• **Source data**
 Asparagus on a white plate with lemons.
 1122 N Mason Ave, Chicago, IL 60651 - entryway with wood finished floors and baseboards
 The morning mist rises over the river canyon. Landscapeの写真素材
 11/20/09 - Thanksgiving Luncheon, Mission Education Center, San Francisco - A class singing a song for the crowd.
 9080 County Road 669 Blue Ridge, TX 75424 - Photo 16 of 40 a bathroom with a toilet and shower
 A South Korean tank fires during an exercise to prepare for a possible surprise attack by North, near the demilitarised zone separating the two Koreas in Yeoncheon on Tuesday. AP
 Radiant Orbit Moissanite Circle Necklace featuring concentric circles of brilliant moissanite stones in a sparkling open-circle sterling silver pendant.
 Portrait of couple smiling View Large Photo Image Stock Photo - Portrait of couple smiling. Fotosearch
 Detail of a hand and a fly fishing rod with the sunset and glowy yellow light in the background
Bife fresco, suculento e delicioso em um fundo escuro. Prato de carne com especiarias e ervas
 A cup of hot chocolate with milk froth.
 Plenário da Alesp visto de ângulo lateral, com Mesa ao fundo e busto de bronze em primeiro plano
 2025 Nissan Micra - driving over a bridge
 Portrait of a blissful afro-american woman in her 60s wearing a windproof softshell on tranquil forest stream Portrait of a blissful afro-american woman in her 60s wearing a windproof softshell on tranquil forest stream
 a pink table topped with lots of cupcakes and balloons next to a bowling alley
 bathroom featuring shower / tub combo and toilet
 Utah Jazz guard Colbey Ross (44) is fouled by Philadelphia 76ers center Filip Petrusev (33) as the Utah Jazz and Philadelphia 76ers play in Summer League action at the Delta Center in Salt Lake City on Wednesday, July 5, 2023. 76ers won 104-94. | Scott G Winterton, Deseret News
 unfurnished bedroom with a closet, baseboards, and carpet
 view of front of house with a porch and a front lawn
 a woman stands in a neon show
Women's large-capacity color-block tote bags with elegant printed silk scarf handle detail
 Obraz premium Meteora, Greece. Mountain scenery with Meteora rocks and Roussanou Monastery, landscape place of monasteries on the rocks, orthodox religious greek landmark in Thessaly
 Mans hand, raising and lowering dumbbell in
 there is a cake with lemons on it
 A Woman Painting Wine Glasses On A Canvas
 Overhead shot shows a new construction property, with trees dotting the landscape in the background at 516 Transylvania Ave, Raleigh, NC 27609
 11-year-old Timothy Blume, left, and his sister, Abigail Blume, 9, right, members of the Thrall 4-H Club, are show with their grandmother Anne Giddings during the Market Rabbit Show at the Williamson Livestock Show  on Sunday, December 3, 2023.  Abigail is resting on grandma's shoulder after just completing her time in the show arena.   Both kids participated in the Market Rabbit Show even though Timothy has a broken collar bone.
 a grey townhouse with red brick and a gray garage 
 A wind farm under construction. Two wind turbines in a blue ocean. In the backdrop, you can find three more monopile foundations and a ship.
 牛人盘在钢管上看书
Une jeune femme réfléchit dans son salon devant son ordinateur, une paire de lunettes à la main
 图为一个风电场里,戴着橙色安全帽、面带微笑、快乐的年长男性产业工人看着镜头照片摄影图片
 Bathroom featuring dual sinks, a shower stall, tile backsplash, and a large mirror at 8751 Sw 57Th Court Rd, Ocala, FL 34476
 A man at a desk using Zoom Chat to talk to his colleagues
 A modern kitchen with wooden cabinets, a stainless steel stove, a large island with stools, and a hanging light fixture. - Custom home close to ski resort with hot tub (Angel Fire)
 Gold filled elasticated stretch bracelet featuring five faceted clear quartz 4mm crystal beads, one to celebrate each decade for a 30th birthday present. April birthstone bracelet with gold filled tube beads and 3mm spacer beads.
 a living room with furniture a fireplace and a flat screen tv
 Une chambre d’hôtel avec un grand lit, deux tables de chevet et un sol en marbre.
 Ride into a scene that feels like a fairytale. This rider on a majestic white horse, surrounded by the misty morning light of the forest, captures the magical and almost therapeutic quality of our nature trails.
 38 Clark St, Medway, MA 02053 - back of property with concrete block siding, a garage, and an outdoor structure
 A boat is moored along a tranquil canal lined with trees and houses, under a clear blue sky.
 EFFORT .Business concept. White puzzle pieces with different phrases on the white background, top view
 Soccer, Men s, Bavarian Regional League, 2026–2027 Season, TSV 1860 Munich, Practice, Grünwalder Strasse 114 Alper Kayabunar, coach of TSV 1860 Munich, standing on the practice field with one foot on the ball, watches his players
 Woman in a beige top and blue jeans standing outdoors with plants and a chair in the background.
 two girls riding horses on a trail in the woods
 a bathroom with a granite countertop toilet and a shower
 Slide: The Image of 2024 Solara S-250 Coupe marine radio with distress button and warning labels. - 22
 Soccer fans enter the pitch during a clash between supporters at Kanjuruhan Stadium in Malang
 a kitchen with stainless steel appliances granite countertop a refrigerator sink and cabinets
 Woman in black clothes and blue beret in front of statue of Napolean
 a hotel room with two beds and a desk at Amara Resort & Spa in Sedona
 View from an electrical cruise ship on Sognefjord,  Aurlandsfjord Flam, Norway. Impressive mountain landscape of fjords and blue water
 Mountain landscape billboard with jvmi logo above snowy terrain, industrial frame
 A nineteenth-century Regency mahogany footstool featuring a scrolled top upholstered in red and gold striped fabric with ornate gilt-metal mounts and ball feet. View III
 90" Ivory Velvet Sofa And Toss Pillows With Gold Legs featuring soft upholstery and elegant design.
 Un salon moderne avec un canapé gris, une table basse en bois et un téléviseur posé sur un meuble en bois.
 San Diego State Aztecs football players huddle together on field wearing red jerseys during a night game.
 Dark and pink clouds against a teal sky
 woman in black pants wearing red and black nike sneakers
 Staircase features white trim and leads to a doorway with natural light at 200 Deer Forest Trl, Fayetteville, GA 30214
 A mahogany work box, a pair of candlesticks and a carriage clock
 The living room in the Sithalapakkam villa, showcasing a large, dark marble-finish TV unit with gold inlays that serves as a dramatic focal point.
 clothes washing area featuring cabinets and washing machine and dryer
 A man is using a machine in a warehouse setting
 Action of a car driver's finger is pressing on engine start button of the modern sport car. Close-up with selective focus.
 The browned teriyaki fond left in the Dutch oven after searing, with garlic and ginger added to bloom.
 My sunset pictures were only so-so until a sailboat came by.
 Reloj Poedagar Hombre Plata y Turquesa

• **Task directions**
Send back an exact copy of only the lines from the line with "a living room" up to and including the line with "Ride into a" in the data above.

• **Result for this exercise**
 a living room with furniture a fireplace and a flat screen tv
 Une chambre d’hôtel avec un grand lit, deux tables de chevet et un sol en marbre.
 Ride into a scene that feels like a fairytale. This rider on a majestic white horse, surrounded by the misty morning light of the forest, captures the magical and almost therapeutic quality of our nature trails.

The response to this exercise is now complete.